Therefore, when the total being of the self is transformed into a kind of divine person, his vision then changes. His psycho-physical apparatuses of knowing, his perception, and his conceptual framework are all divinized. With the divinized vision and divinized instruments of knowing, he now is able to know and behold the glorious divine nature of infinite Parabrahman even in His incarnate (currently manifest) human-form. Now, Parabrahman for him, is no more human, though participating in his life as one among humans in the guise of a human person (as the manifest incarnation). Thus, for such devotees with purified vision, Parabrahman is no more unknown and unknowable.
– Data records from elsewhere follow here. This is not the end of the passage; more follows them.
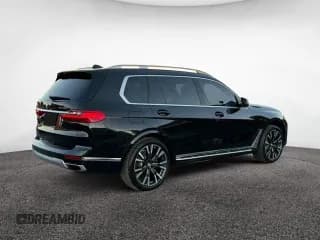 ✅ 2019 BMW X7 xDrive50i • VIN: 5UXCX4C58KLS38928 • Лот: 93027945. Опубликован ранее на Copart с пробегом 98 606 миль. Бесплатный доступ к архиву аукционных продаж из США и подробный отчёт об истории автомобиля на DreamBid. Изображение 4.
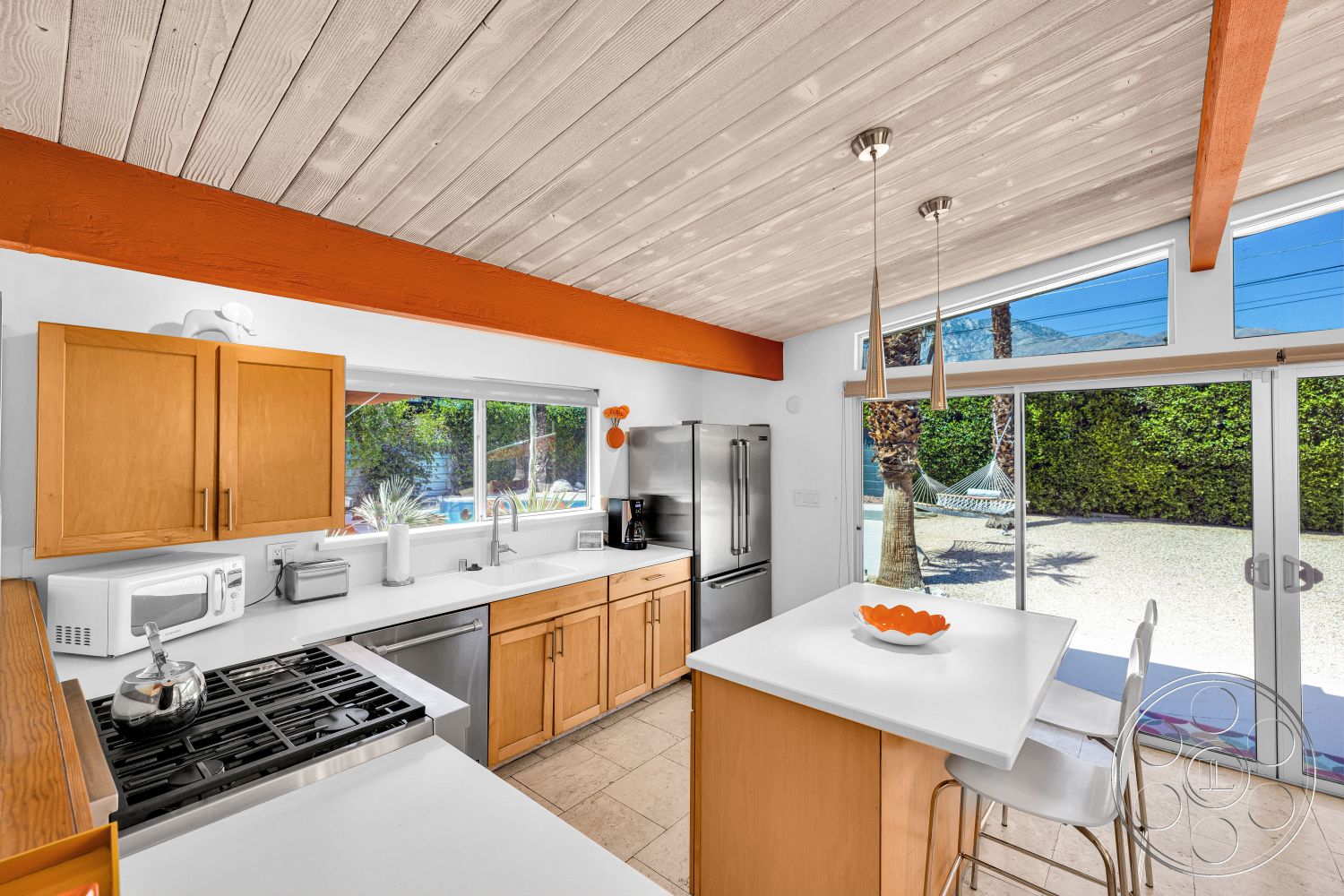 Palm Springs 76 - large windows, stainless steel appliances, open concept layout, modern pendant lighting, light wood cabinets, beige tile flooring, palm tree view, interior kitchen, white quartz countertops, exposed wooden ceiling beams, white bar stools, orange accent beams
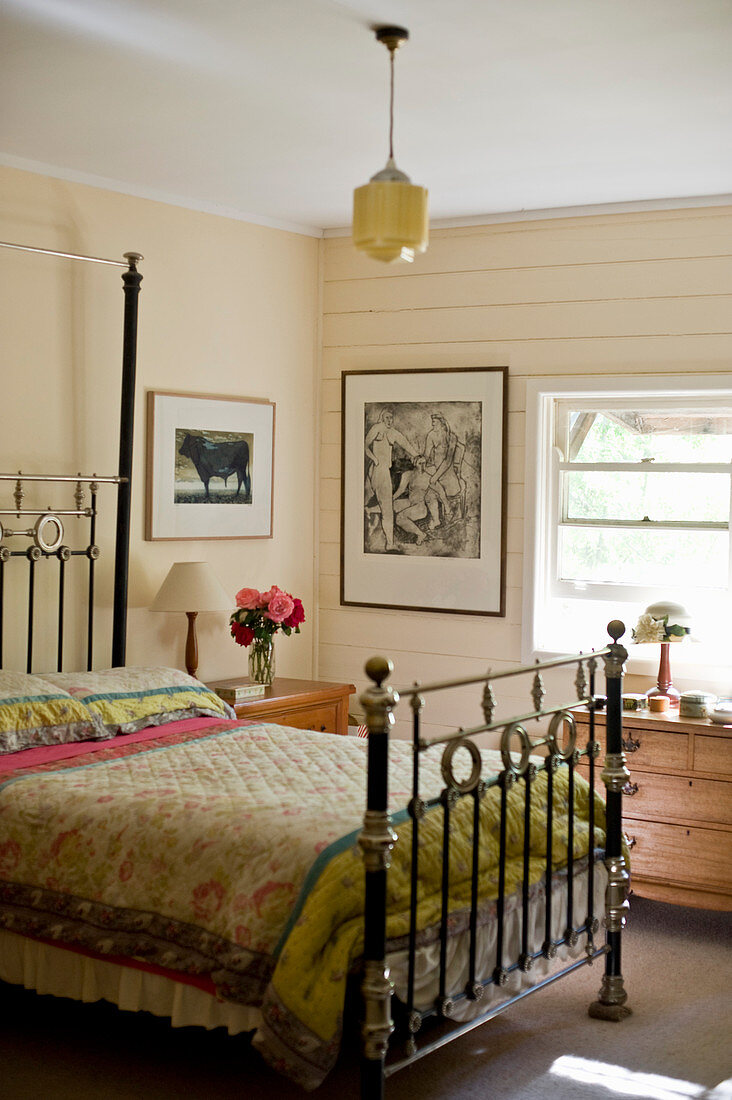 Antique double bed in bedroom with cream walls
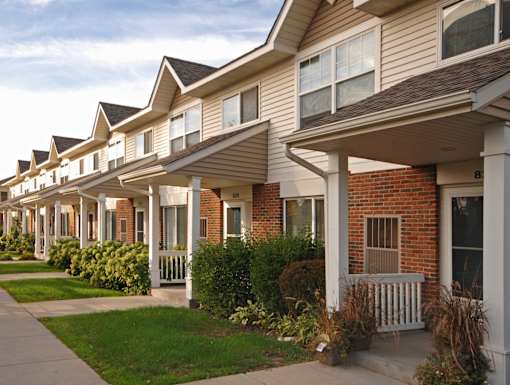 A row of houses with white front porches.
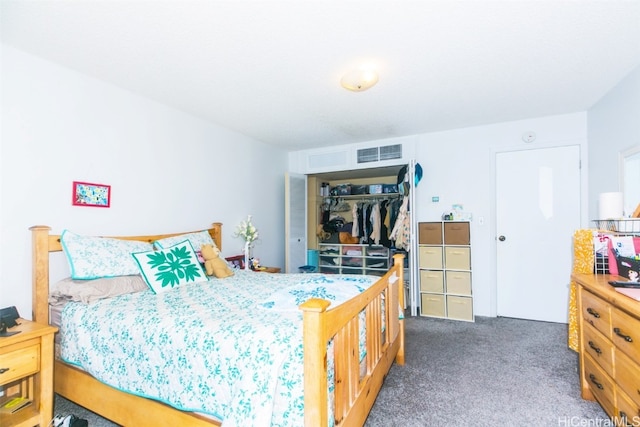 carpeted bedroom with a closet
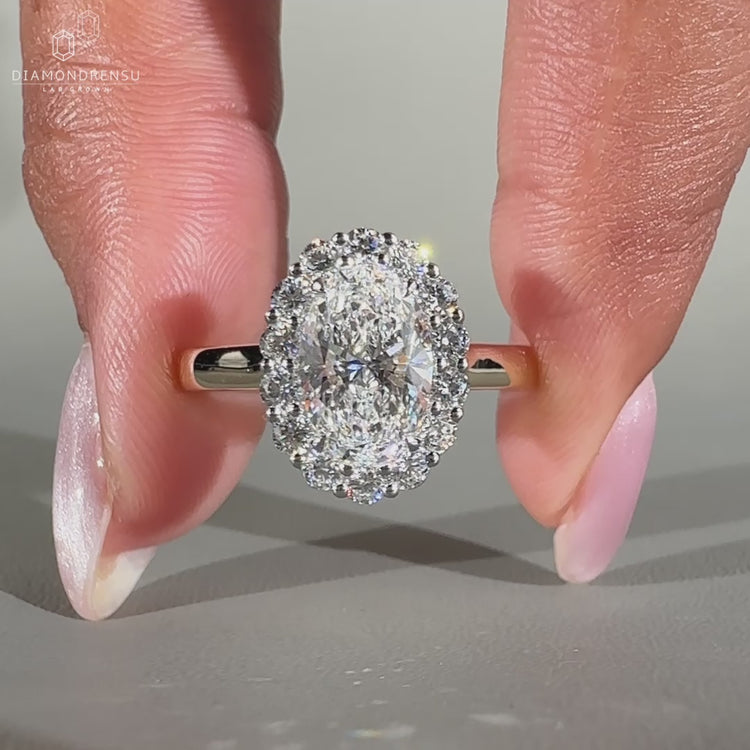 Round cut halo ring in white gold design.
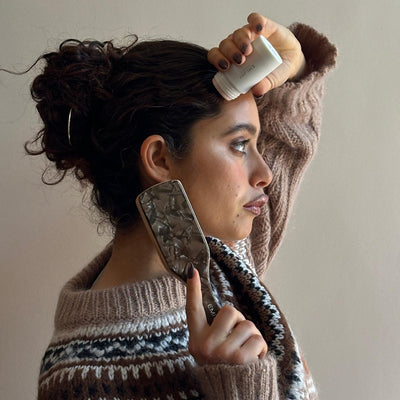 Model applying Angelstick to hair while holding Mini Boar Bristle Bamboo Brush in Toasted Sugar.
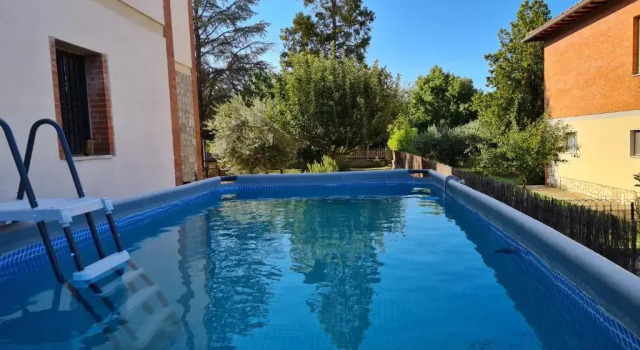 Апартаменты Raffinata casa con wifi e giardino immersa nel verde "VAL D'ORCIA DELUXE"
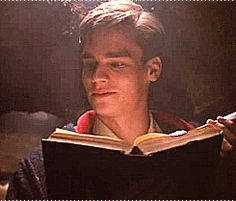 a young man reading a book in the dark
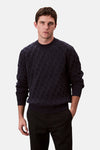 Sweat bleu marine de Calvin Klein, avec un motif texturé discret, porté avec un pantalon noir.
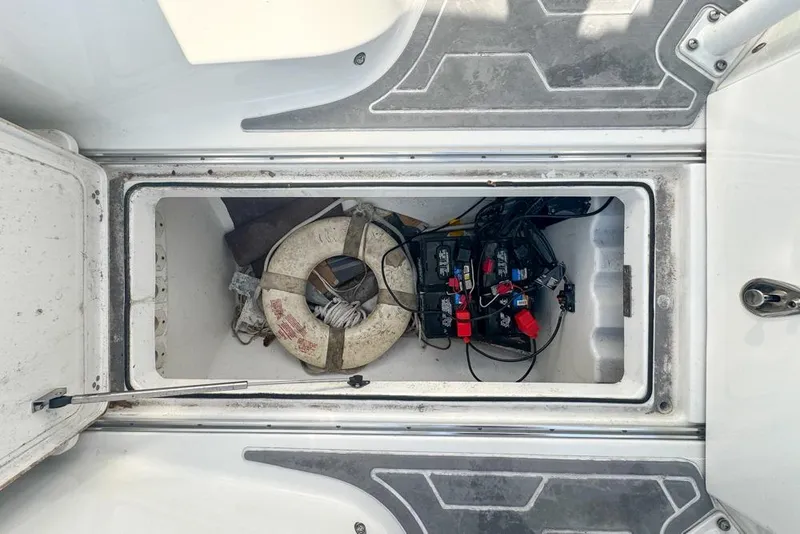 Slide: The Image of Open storage compartment on 2021 Wellcraft 262 Fisherman boat with life ring and equipment. - 84
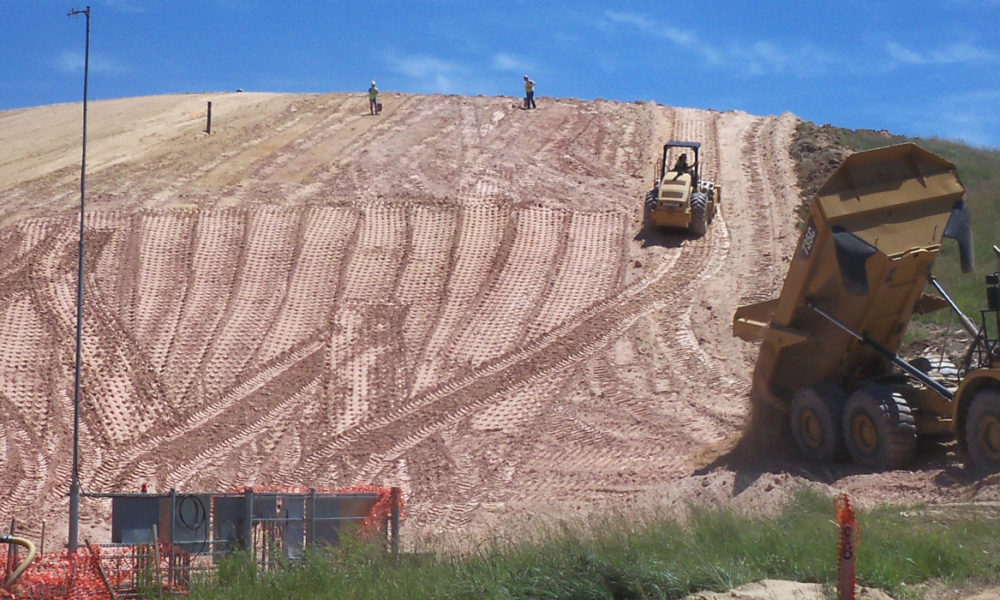 Our Crew Working On Landfill Project Site View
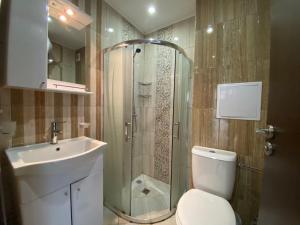 A bathroom at PARADISO 'В' 102 PRIVATE SEA VIEW Apartment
Then the question may arise that the Śruti which proclaims that:

yato vāco nivartante aprāpya mānasaā saha[7]!’

“Wherefrom words/speech turn back, together with the mind failing to know Him.”

Naiva vācā na mānasaā prāptum śakyo ma cakṣuṇā[8].”

“The Supreme Self cannot be known or reached by speech, by mind or eyes.”

What should be understood? Well, in this case, the Śrutis talks about the inability of the commoners and seekers undevoted to Parabrahman. In the case of loving devotees of Parabrahman, He is undoubtedly knowable, sheerly by His connate mercy (vātsalya).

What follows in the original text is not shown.